**The problem**.
Omitting all images, set down every line below exactly as it appears.

**Data**.
----

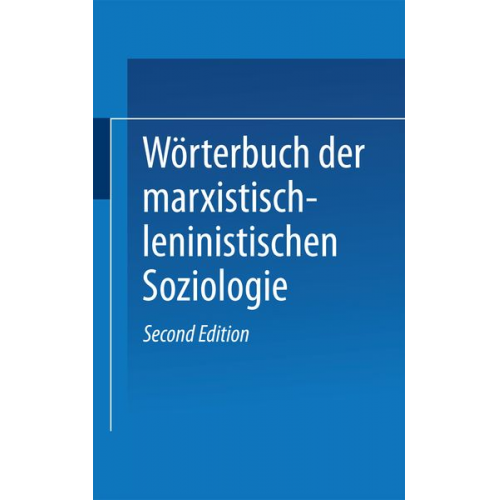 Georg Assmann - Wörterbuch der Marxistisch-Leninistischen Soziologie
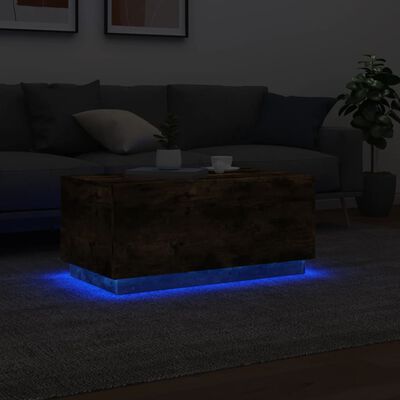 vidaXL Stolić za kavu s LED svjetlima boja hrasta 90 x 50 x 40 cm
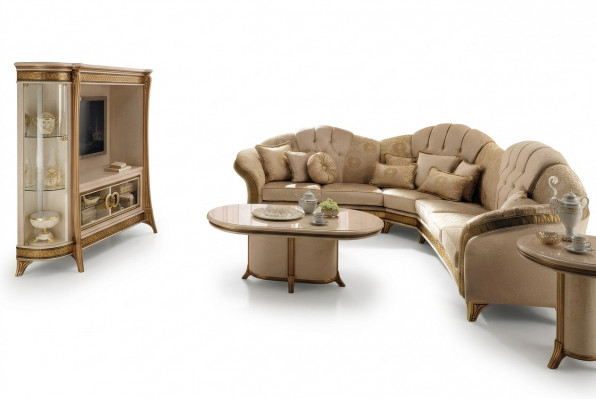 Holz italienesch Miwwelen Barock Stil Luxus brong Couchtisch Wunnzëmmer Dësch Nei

----

**Answer area**.
 Georg Assmann - Wörterbuch der Marxistisch-Leninistischen Soziologie
 vidaXL Stolić za kavu s LED svjetlima boja hrasta 90 x 50 x 40 cm
 Holz italienesch Miwwelen Barock Stil Luxus brong Couchtisch Wunnzëmmer Dësch Nei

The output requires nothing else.